This is a guest post by Marcus Taylor, founder of TheMusiciansGuide.co.uk, a website that helps DIY musicians find resources such as music business contracts to help them succeed in the music business.
There’s been no shortage of discussion on the topic of selling vs. offering music for free over the years, and while I don’t expect this article to even come close to settling that debate, I thought I’d share my views anyway.
I’ve summed up my arguments into two bullet points, which are:
- Selling music is a historical habit, which made sense when it cost money to duplicate and share music – nowadays it doesn’t.
- Selling music will create an income stream for you, but it will cut off bigger income streams.
Selling music is a historical habit
Ask yourself – why should we sell our music? Any of the usual answers boil down to the fact that it’s traditional / it’s what we grew up knowing is normal. The thing is, everything we grew up with being normal has changed – it no longer costs thousands to share music, and music can now be produced at a fraction of the cost it used to.
I don’t need to tell you the changes the music business has gone through over the past 20 years, but what you do need to consider is that these changes require a change in mindsets – we don’t need to charge money to share our music (i.e. we don’t lose money by someone sharing an MP3), we just want to because it seems usual.
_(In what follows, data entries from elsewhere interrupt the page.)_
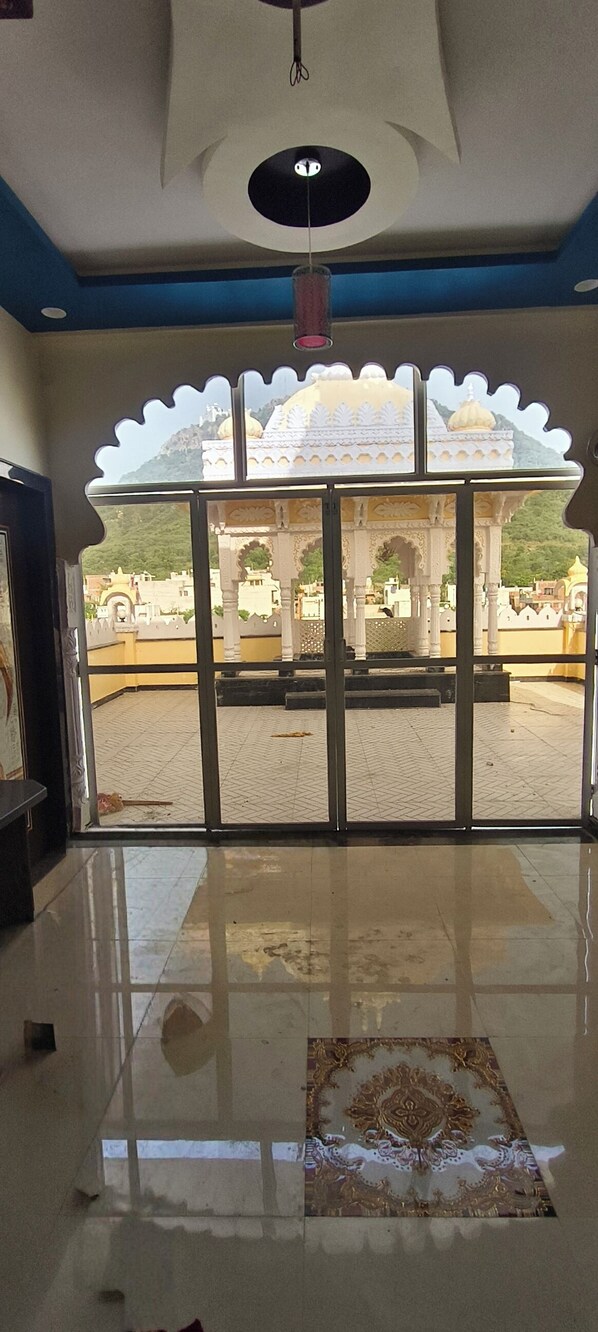 A room with a large glass door leading to an outdoor area with a white structure and a view of a hill. - Shree ji palace  (Udaipur)
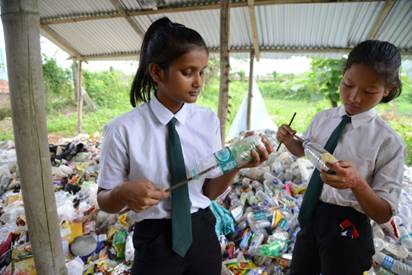 （学生们将塑料袋塞进塑料瓶里，制成“生态砖” 图源：法新社）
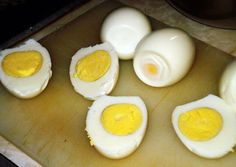 four hard boiled eggs sitting on top of a cutting board next to an egg shell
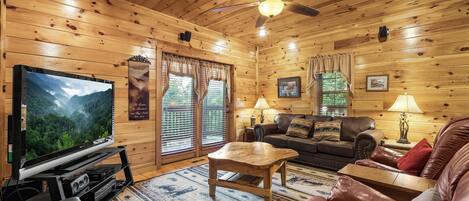 L’intérieur chaleureux d’un chalet avec un plafond en bois, un ventilateur de plafond, un téléviseur, un canapé en cuir, une table basse et une cheminée.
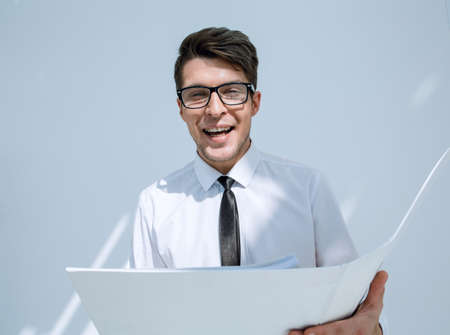 close up.happy businessman looking at business document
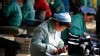 PHOTO: Chinese workers go about their chores at a textile factory in Huaibei, Anhui province in China, Feb. 10, 2012.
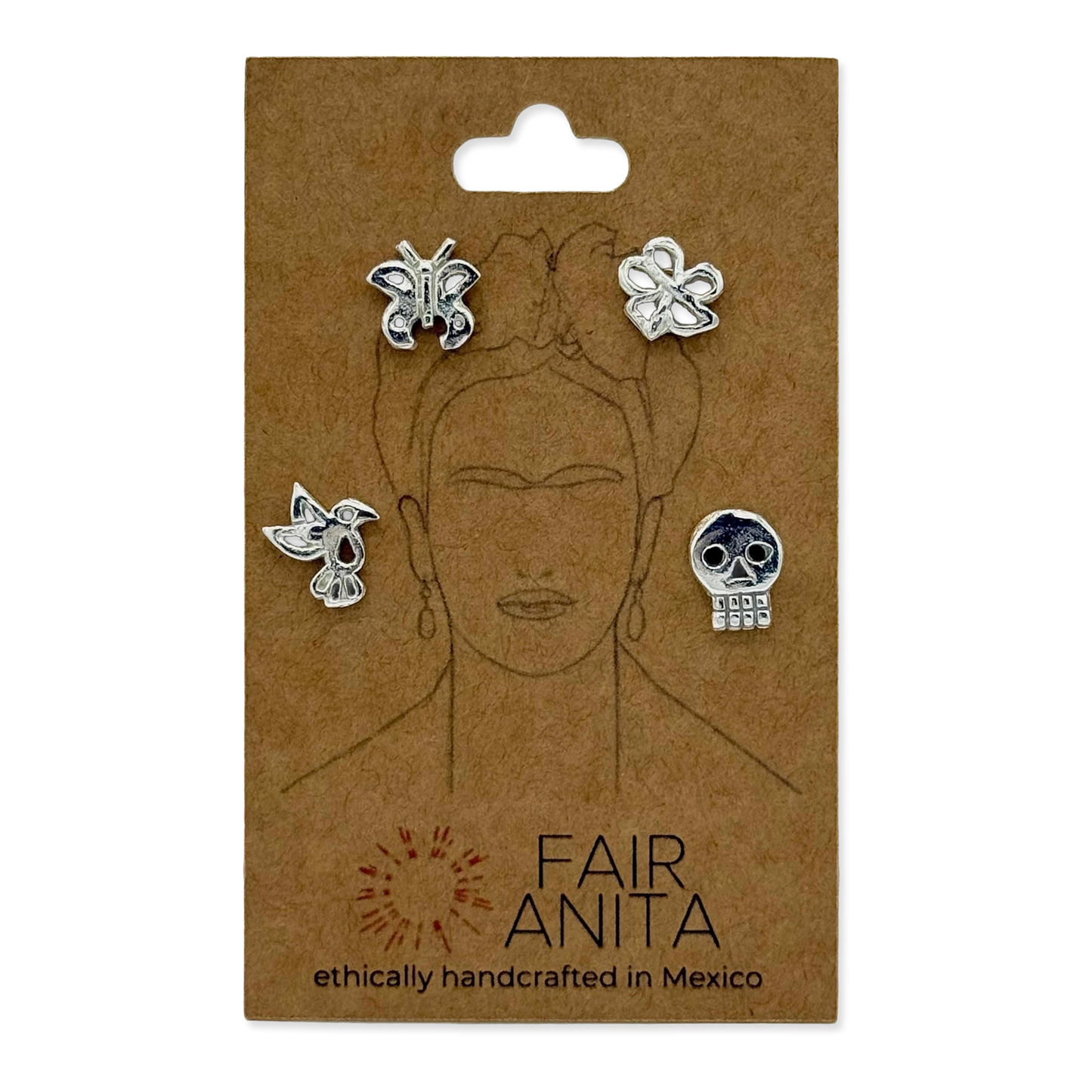 Package with Frida Kahlo image and four different silver earrings.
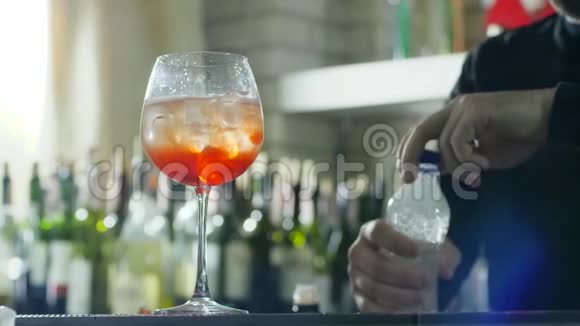 工作中的酒保可以做提神饮料并在酒杯中加入含冰和干邑的碳酸矿泉水视频的预览图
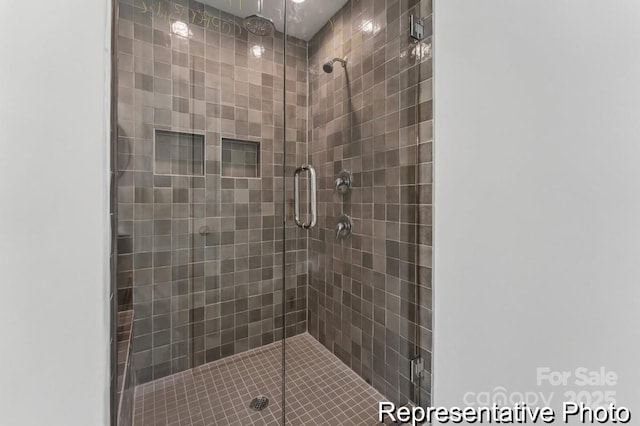 bathroom with an enclosed shower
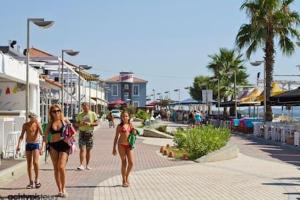 a group of people walking down a sidewalk near the beach at Lea's Apartment in Kourouta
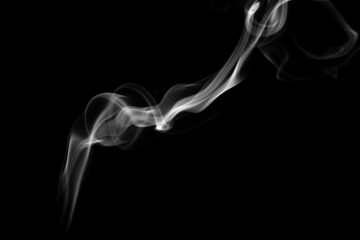 Smoke, clouds in a black background.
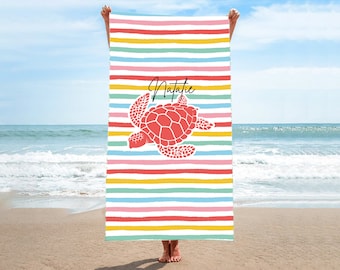 May include: A colourful beach towel with a red sea turtle and the name Natalie printed on it. The towel has rainbow stripes.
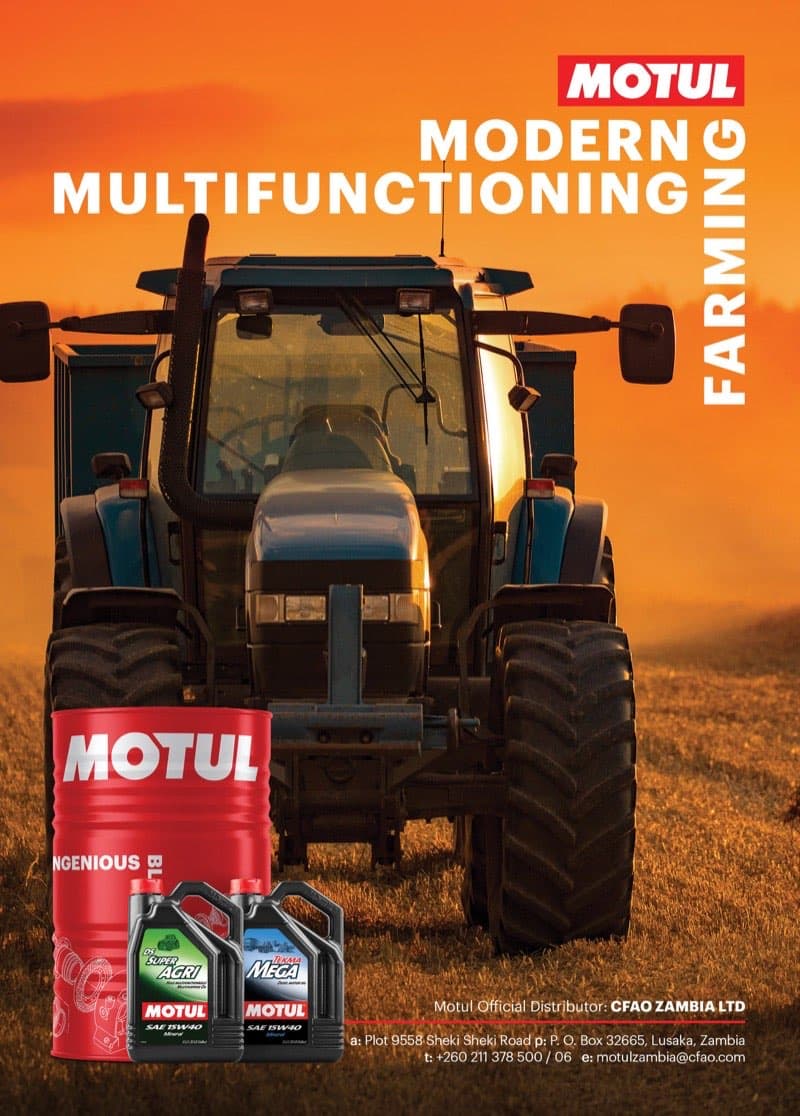 Motul Zambia agricultural magazine advert with tractor in golden farmland at sunset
Selling music will create an income stream for you, but it will cut off bigger ones
Selling an MP3 for £0.99 is like going to a networking event and charging people to accept your business card – sure, you make a little bit of many from people who really want to get in touch with you, but you cut off much bigger revenue streams from people who don’t want to pay you.
It seems too obvious to say that if you could give out 2,000,000 business cards to potential customers for free, you’d end up better off than the competitor who gave out 200 business cards, selling each one for £0.99.
This may seem like an extreme and over dramatic example, in some senses it is, but the point is that IF you are able to offer more valuable services (touring, merchandise, licensing, sponsorship) then your music is the best business card you can offer to acquire those bigger deals. Of course, going into the studio, rehearsing new songs, and distributing your music costs money that you’d like to recoup – but as does printing business cards – if you’re serious about your music, you’ll see these costs as an investment in increasing your chance of attaining bigger deals.
Just ask yourself – would you rather work on getting your band’s name on 2,000,000 iPod Touches or 2,000? Which is going to earn you more in experience, money, and opportunities?